Chair of the Missouri Gaming Commission
- Incumbent
- Assumed office July 17, 2023
- Governor: Mike Kehoe
- Preceded by: Mike Leara

Personal details
- Alma mater: Park University

= Jan Zimmerman =

American government official

Jan Zimmerman is an American government official serving as the chair of the Missouri Gaming Commission since July 2023. She is the first female to serve in the role. Zimmerman was previously the police chief of Raymore, Missouri from 2012 to 2022.

== Life ==
Zimmerman earned a bachelor's degree in criminal justice and master's degree in public administration from Park University. She is a graduate of the FBI National Academy and the University of Louisville Southern Police Institute.

In 1979, Zimmerman became a dispatcher for the Kansas City Police Department.

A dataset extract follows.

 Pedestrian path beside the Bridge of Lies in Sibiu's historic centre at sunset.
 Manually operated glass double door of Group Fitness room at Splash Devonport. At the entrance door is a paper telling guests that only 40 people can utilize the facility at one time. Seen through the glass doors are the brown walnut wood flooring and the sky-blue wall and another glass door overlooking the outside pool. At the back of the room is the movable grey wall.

She was sworn in as an officer in 1982. At the time of her retirement, she was a major. From 2012 to August 2022, Zimmerman served as police chief of Raymore, Missouri. During this time, she led the initiative to equip officers with body cameras and established the crisis intervention team program. Deputy Chief Jim Wilson succeeded her as police chief.

Zimmerman is the program director of the Surviving Spouse and Family Endowment Fund with the Kansas City Crime Commission. In 2021, Zimmerman joined the Missouri Gaming Commission. In July 2023, she was appointed by governor Mike Parson as the chair of the Missouri Gaming Commission, the first female in the role. She assumed the position on July 17, succeeding Mike Leara.